2. The burden of proof was upon the plaintiff to prove that he had sustained a loss covered by the policy and to prove the amount of such loss. Atlantic Steel Co. v. Hartford Fire Ins. Co., 39 Ga. App. 680 (148 SE 286); Federal Life Ins. Co. v. Hurst, 43 Ga. App. 840, 846 (160 SE 533); Liberty Nat. Life Ins. Co. v. Mitchell, 73 Ga. App. 673, 674 (37 SE2d 723); Life & Cas. Ins. Co. v. Gartrell, 74 Ga. App. 204, 206 (39 SE2d 437). The evidence in this case was insufficient to show that the plaintiff had incurred any definite dollar amount of expense per day "for room, board and general nursing care" while he was confined at Battey State Hospital. The only evidence with respect to the amount of charges that he incurred was that the cost of care at Battey State Hospital, as that term is defined in the 1960 Act was $18.77 per day. But, under the Act such cost includes the cost of support, care, treatment and hospitalization. The policy issued by defendant did not include coverage for treatment, and therefore proof of the daily cost of care covering items of expense in addition to those covered by the policy sued on without showing what portion thereof was attributable to charges for covered expenses did not constitute proof as to what amount the plaintiff was entitled to recover. It follows that the evidence did not authorize the finding and judgment for the plaintiff.
3. The undisputed evidence shows that the defendant, prior to the initiation of the suit by the plaintiff, had declined to pay the claim because the plaintiff had failed to submit a proof of loss as required by the policy showing what amount he was entitled to receive.
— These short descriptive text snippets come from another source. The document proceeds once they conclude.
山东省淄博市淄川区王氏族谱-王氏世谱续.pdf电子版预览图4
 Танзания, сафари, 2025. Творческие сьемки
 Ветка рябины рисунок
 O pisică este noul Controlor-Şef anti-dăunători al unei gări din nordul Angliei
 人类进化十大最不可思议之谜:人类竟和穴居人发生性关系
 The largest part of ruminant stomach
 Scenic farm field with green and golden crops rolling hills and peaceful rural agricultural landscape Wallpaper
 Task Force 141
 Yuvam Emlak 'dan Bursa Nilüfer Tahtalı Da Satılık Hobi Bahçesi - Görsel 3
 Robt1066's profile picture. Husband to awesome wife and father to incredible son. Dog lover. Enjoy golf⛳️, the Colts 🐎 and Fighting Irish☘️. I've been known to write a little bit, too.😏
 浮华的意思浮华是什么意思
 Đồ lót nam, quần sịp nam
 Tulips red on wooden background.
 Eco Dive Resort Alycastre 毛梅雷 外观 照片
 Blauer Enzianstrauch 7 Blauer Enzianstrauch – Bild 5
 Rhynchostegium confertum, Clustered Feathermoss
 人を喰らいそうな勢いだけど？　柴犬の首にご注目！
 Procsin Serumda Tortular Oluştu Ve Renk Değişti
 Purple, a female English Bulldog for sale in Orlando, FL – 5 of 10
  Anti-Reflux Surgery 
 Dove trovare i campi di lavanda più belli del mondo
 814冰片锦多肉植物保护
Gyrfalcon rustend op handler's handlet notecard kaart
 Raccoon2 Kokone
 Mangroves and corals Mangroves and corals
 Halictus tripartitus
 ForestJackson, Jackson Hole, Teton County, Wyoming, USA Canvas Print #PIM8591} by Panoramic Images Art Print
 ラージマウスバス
Under the principle announced in the preceding headnote the burden was upon the plaintiff *668 to show upon the trial of the case what expenses he had incurred that were covered by the policy, and we think that before the defendant's obligation to pay arose it was the duty of the plaintiff to furnish to the defendant insurance company a proof of loss showing the amount of the expenses which he incurred that were covered by the policy. Such proof of loss as was submitted by the plaintiff was not introduced in evidence, but it is apparent that the defendant was at all times resisting the payment of the claim on account of the failure of the plaintiff to submit evidence of the amount of his claim. Under these circumstances, the defendant was not guilty of bad faith in refusing to pay the claim and the trial court erred in awarding penalty and attorney's fees on account of bad faith.
4. The portion of the charges actually made by Battey State Hospital to the plaintiff which were for room, board and general nursing care, are "expenses incurred" within the meaning of that term as used in the policy sued on even though the plaintiff might not have been obligated to pay those charges, or to pay all of them, had it not been for the policy of insurance. It follows that the defendant cannot successfully resist payment of the claim under its contention that, until it is shown that the plaintiff is obligated to pay such charges irrespective of insurance coverage, such charges do not amount to "expenses incurred" within the meaning of the policy.
5. The judgment of the trial court appealed from is reversed with direction that the trial judge grant a new trial solely on the issue of the amount of expenses which the plaintiff incurred for room, board, and general nursing care while confined at Battey State Hospital.
Judgment reversed with direction. All the Justices concur.